The lure of easy financing options offered by aggressively expanding broking companies is turning more and more small investors into speculators. Margin funding is the fastest-growing business of retail brokerages with income from this business growing faster than brokerage income, the mainstay of a stock-broking house, for many broking houses.
Margin funding is the funds that brokerages arrange to finance investors’ share purchases. It has nothing do with a situation where an investor needs to bring in more money to bolster margins kept with the broker for trading when share prices fall. The crucial difference between the two is that while a jobber or a day-trader uses the latter for intra-day trade, margin funding is used mostly by small investors to take delivery of shares, even when they do not have the money to buy the stock.
Fast-growing retail brokerages such as India Infoline and India Bulls fund 50-75% of the cost of buying shares with loans at interest rates ranging from 18% to 24%. Under this arrangement, if you want to buy Infosys shares worth Rs1 lakh, you need to pay only Rs25,000 or Rs50,000 and the balance will be funded by the broking house or its non-banking finance subsidiary. The amount of money offered depends on the stock that you are buying and the financing option chosen.
According to a customer service person from India Infoline, it funds 50% of the value if the margin funding is done through the company directly and 75% if the finance is taken through its non-banking finance subsidiary, which has an agreement with HDFC Bank to finance it. The non-banking finance arm will open an account for the investor with the bank, which will be used to transfer money for margin funding. “This will be a dummy account which we will open for you and you will not have to deal with the bank for this,” he said.

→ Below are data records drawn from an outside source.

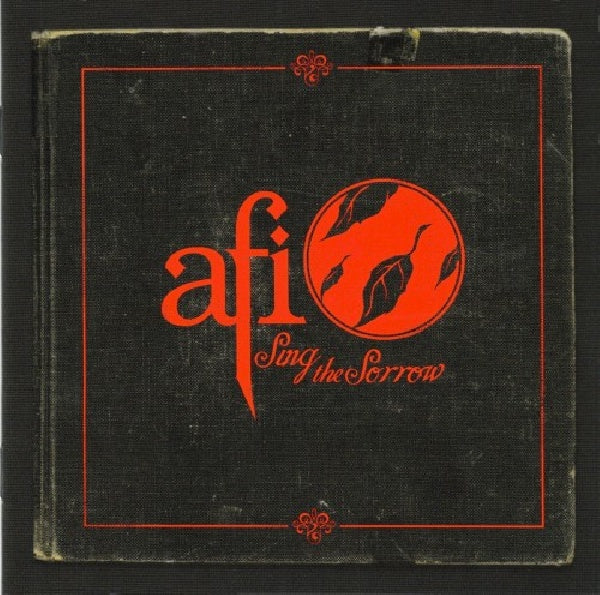 Afi - Sing the sorrow -uk versi (CD) - Discords.nl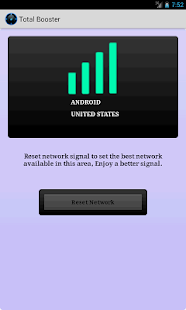 Total Booster - screenshot thumbnail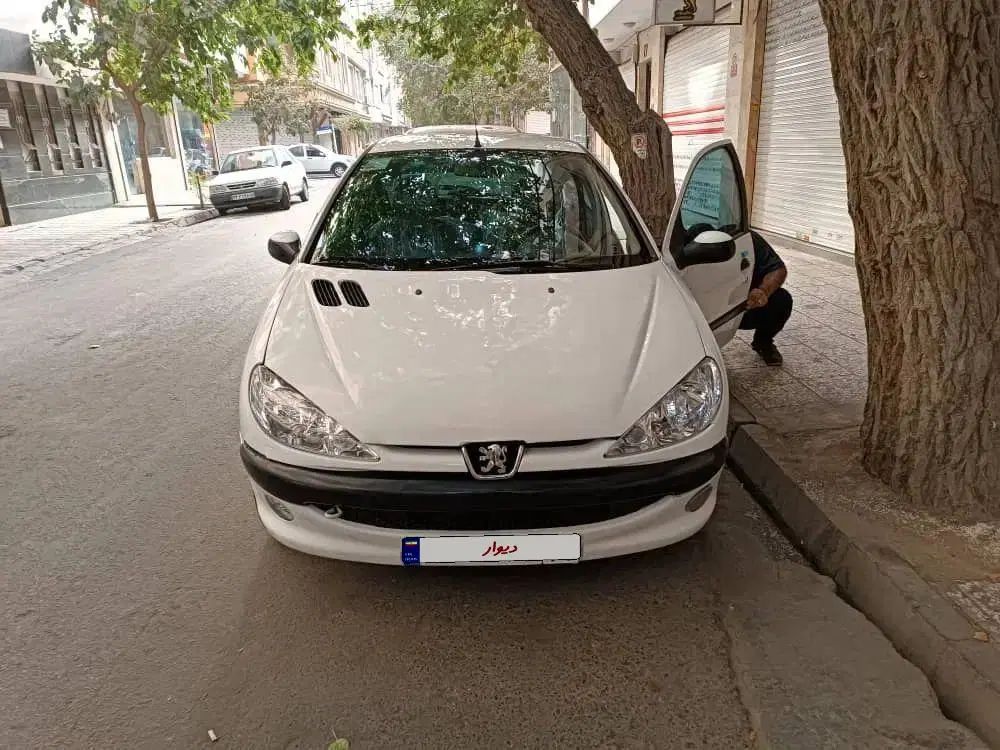 خودرو پژو، 206 آگهی ann_20561112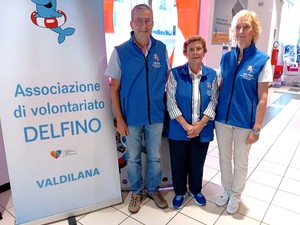 Valdilana, i numeri del 2025 dell'Associazione Delfino: da sempre accanto a chi è in difficoltà Valdilana, i numeri del 2025 dell'Associazione Delfino: da sempre accanto a chi è in difficoltà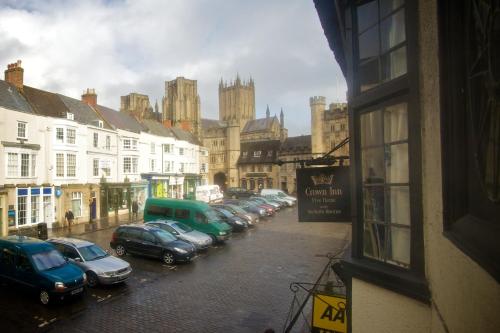 The Crown at Wells, Somerset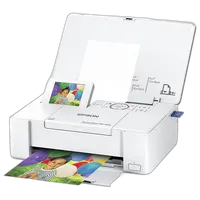 Epson PictureMate PM-400 Compact Photo Printer 0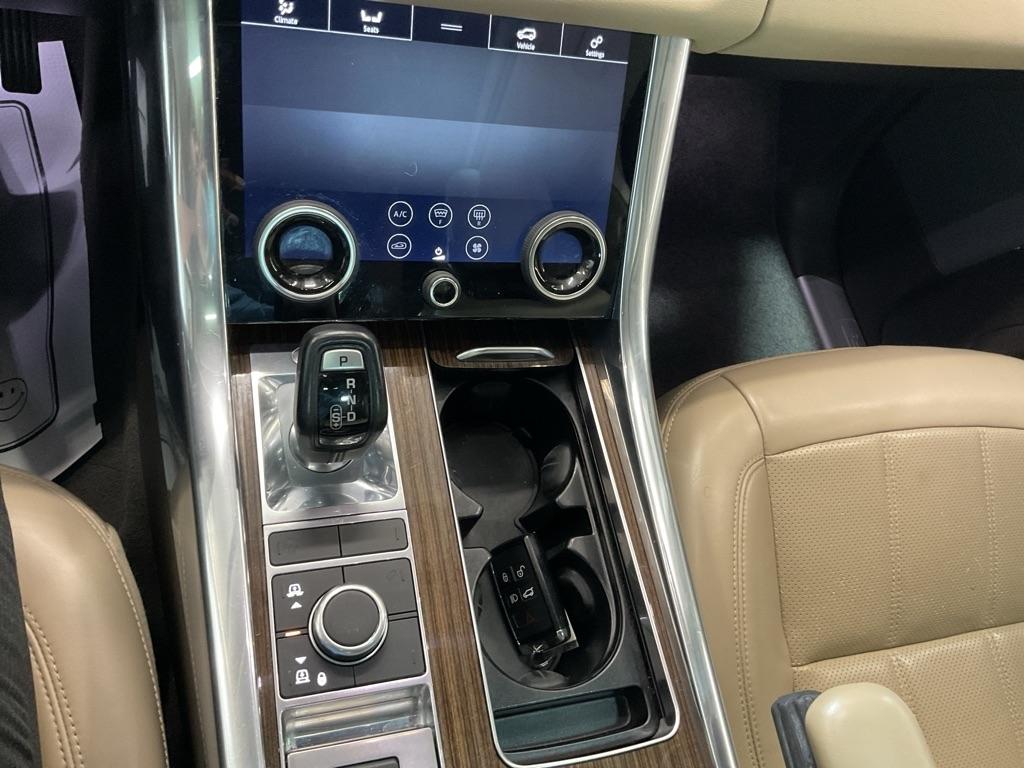 Land Rover Range Rover Sport  2020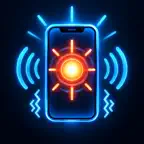WakeSpark: Stay Awake iOS Icon
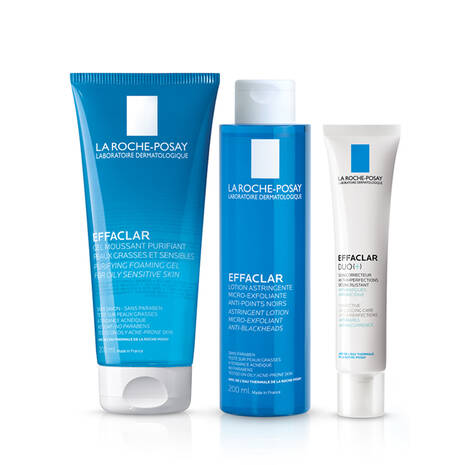La Roche-Posay Effaclar 3-Step Kit — image 2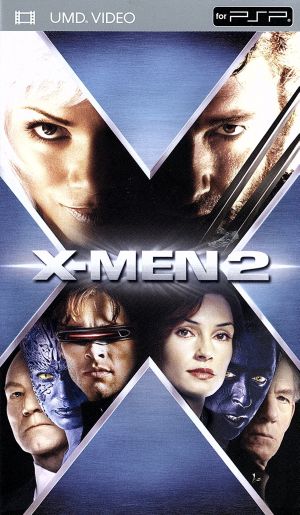 X-MEN2(UMD)<UMD>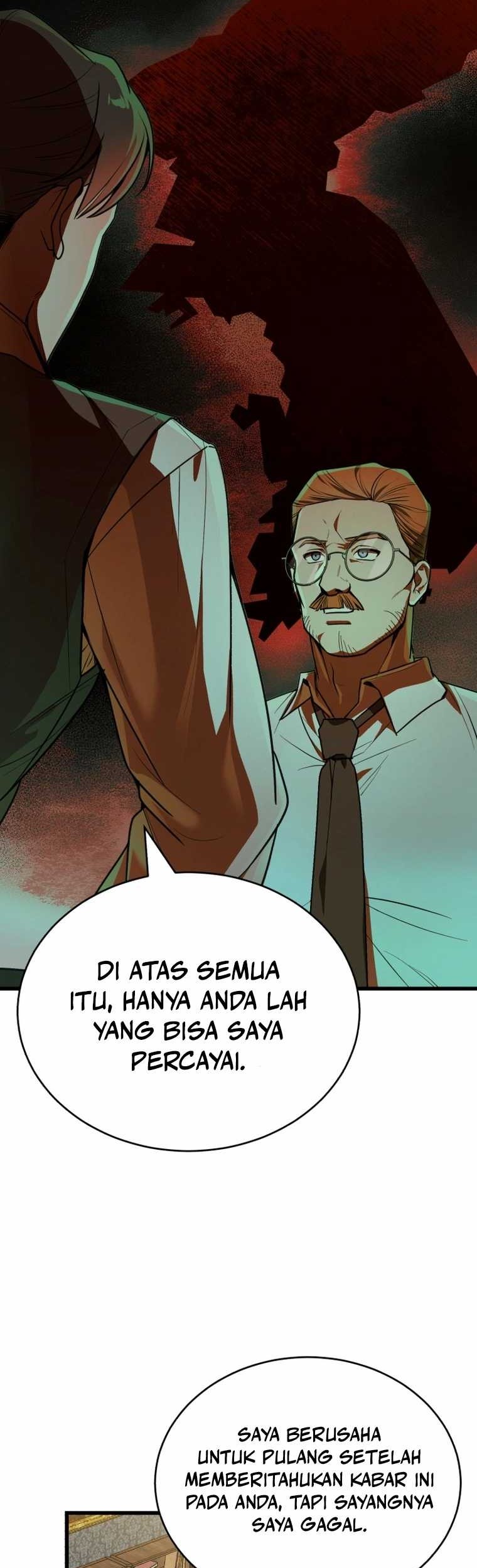 The Joseon Prince Who Went to America and Never Returned Chapter 03 Gambar 10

Retail finance for buying shares is quite easy in the on-line world. Many brokerages have on-line gateway to most new generation private sector banks such as ICICI Bank and HDFC Bank, which facilitate the investors to transfer funds from their account to brokerage accounts in real time, when the value of shares fall in the market. For example, if the value of Rs1 lakh worth Infosys shares falls to near Rs50,000, and the margin funding was for 50%, then the investor will need to bring in more money to maintain the margin or else the broker will sell the shares to recover the money lent as well as the interest.
It is difficult to quantify the quantum of financing in retail share purchases, though industry players admit that it has now become a common practice. One could get a feel of the size of the industry by going through the balance sheets of publicly listed brokerages.IL&FS Investsmart Geojit Financial Services.

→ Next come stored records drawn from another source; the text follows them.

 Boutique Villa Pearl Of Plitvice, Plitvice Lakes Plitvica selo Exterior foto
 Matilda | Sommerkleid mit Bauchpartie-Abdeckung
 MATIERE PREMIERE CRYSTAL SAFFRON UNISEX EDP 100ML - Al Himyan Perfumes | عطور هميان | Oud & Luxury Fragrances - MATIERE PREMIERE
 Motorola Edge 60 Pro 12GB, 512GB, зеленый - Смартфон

Their balance sheets reveal that the fastest growing component of their business is income from fund-based activities like margin funding. India Infoline, for example, had 19% (Rs11.38 crore) of its income in the quarter ended 31 December 2006, coming from finance activity as against 4% (Rs2 crore) in the quarter ended 31 December 2005. Others have not provided the income break-up in their quarterlyresults. But their balance sheet for the financial year ended 31 March 2006 reveals that income from financing activity is on the rise.

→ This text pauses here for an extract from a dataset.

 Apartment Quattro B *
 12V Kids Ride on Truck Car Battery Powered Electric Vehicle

The Reserve Bank of India (RBI), the country’s banking regulator, keeps a close watch on the exposure of banks to the stock market. It had prescribed limits, but lending money to a non-banking finance company which, in turn, lends it to a stock broker does not fall within this limit. Under the norms of the country’s central bank, the aggregate exposure of a bank to capital markets in all forms (including investment in shares as well as stock lending) should not exceed 40% of its net worth. Many new private sector banks are learnt to be nearing this exposure limit.
RBI is aware of the additional exposure to stock markets through lending via non-banking finance firms to stock broking firms. It has taken some measures to reduce the fund flow to stock market by making it expensive for banks to lend to such non-banking finance companies. In its latest credit policy announcement on 31 January 2007, the central bank increased provisioning requirement for banks’ exposures “to non-deposit taking systematically important non-banking financial companies” to 2% from the earlier 0.4% and increased the risk weight for banks’ exposure to such firms to as much as 125% from the existing 100%. This essentially means that for every Rs100 worth of lending to such a firm, a commercial bank needs to make a provision of Rs2, up from Re0.40.